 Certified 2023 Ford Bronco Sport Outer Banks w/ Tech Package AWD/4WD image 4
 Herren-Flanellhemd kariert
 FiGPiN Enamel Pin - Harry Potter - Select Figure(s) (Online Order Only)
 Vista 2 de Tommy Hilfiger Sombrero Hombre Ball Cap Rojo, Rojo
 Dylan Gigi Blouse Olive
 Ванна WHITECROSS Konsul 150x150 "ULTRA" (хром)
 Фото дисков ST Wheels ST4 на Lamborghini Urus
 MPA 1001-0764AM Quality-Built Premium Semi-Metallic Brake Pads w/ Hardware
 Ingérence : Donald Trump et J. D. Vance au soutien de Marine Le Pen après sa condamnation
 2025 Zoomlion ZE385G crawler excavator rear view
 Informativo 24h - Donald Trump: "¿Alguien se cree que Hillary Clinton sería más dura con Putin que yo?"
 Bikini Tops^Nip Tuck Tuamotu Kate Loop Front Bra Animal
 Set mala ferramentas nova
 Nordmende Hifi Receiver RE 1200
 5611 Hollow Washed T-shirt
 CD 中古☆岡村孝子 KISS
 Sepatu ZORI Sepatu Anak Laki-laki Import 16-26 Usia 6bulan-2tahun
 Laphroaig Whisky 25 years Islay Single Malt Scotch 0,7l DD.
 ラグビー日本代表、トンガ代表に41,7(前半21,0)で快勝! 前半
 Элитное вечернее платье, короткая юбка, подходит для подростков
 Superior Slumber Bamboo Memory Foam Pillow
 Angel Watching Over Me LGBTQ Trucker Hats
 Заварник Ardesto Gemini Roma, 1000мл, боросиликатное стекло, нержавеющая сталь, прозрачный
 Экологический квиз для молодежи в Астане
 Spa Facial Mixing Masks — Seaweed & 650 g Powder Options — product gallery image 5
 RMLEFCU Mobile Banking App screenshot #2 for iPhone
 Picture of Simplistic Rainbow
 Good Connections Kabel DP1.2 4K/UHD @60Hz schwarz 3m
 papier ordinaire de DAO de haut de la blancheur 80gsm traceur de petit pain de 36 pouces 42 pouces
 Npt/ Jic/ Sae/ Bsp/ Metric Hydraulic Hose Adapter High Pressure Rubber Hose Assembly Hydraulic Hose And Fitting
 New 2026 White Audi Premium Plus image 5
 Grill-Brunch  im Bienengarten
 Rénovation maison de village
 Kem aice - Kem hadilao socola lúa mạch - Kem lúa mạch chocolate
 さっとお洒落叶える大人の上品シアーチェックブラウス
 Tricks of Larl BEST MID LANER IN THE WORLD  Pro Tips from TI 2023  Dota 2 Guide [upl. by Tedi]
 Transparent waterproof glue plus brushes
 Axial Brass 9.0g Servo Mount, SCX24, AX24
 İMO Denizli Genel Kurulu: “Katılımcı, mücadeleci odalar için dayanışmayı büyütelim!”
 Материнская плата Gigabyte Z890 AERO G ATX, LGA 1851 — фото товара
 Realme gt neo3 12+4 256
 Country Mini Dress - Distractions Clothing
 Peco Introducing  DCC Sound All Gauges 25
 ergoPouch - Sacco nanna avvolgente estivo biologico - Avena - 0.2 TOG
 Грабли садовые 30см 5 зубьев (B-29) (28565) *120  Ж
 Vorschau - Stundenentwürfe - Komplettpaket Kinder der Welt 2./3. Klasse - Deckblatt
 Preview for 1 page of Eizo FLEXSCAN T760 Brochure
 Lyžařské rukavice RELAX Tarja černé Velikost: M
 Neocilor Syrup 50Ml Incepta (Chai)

## Problem to work on
Above are the records; reproduce all of them exactly.

## Task response
 Certified 2023 Ford Bronco Sport Outer Banks w/ Tech Package AWD/4WD image 4
 Herren-Flanellhemd kariert
 FiGPiN Enamel Pin - Harry Potter - Select Figure(s) (Online Order Only)
 Vista 2 de Tommy Hilfiger Sombrero Hombre Ball Cap Rojo, Rojo
 Dylan Gigi Blouse Olive
 Ванна WHITECROSS Konsul 150x150 "ULTRA" (хром)
 Фото дисков ST Wheels ST4 на Lamborghini Urus
 MPA 1001-0764AM Quality-Built Premium Semi-Metallic Brake Pads w/ Hardware
 Ingérence : Donald Trump et J. D. Vance au soutien de Marine Le Pen après sa condamnation
 2025 Zoomlion ZE385G crawler excavator rear view
 Informativo 24h - Donald Trump: "¿Alguien se cree que Hillary Clinton sería más dura con Putin que yo?"
 Bikini Tops^Nip Tuck Tuamotu Kate Loop Front Bra Animal
 Set mala ferramentas nova
 Nordmende Hifi Receiver RE 1200
 5611 Hollow Washed T-shirt
 CD 中古☆岡村孝子 KISS
 Sepatu ZORI Sepatu Anak Laki-laki Import 16-26 Usia 6bulan-2tahun
 Laphroaig Whisky 25 years Islay Single Malt Scotch 0,7l DD.
 ラグビー日本代表、トンガ代表に41,7(前半21,0)で快勝! 前半
 Элитное вечернее платье, короткая юбка, подходит для подростков
 Superior Slumber Bamboo Memory Foam Pillow
 Angel Watching Over Me LGBTQ Trucker Hats
 Заварник Ardesto Gemini Roma, 1000мл, боросиликатное стекло, нержавеющая сталь, прозрачный
 Экологический квиз для молодежи в Астане
 Spa Facial Mixing Masks — Seaweed & 650 g Powder Options — product gallery image 5
 RMLEFCU Mobile Banking App screenshot #2 for iPhone
 Picture of Simplistic Rainbow
 Good Connections Kabel DP1.2 4K/UHD @60Hz schwarz 3m
 papier ordinaire de DAO de haut de la blancheur 80gsm traceur de petit pain de 36 pouces 42 pouces
 Npt/ Jic/ Sae/ Bsp/ Metric Hydraulic Hose Adapter High Pressure Rubber Hose Assembly Hydraulic Hose And Fitting
 New 2026 White Audi Premium Plus image 5
 Grill-Brunch  im Bienengarten
 Rénovation maison de village
 Kem aice - Kem hadilao socola lúa mạch - Kem lúa mạch chocolate
 さっとお洒落叶える大人の上品シアーチェックブラウス
 Tricks of Larl BEST MID LANER IN THE WORLD  Pro Tips from TI 2023  Dota 2 Guide [upl. by Tedi]
 Transparent waterproof glue plus brushes
 Axial Brass 9.0g Servo Mount, SCX24, AX24
 İMO Denizli Genel Kurulu: “Katılımcı, mücadeleci odalar için dayanışmayı büyütelim!”
 Материнская плата Gigabyte Z890 AERO G ATX, LGA 1851 — фото товара
 Realme gt neo3 12+4 256
 Country Mini Dress - Distractions Clothing
 Peco Introducing  DCC Sound All Gauges 25
 ergoPouch - Sacco nanna avvolgente estivo biologico - Avena - 0.2 TOG
 Грабли садовые 30см 5 зубьев (B-29) (28565) *120  Ж
 Vorschau - Stundenentwürfe - Komplettpaket Kinder der Welt 2./3. Klasse - Deckblatt
 Preview for 1 page of Eizo FLEXSCAN T760 Brochure
 Lyžařské rukavice RELAX Tarja černé Velikost: M
 Neocilor Syrup 50Ml Incepta (Chai)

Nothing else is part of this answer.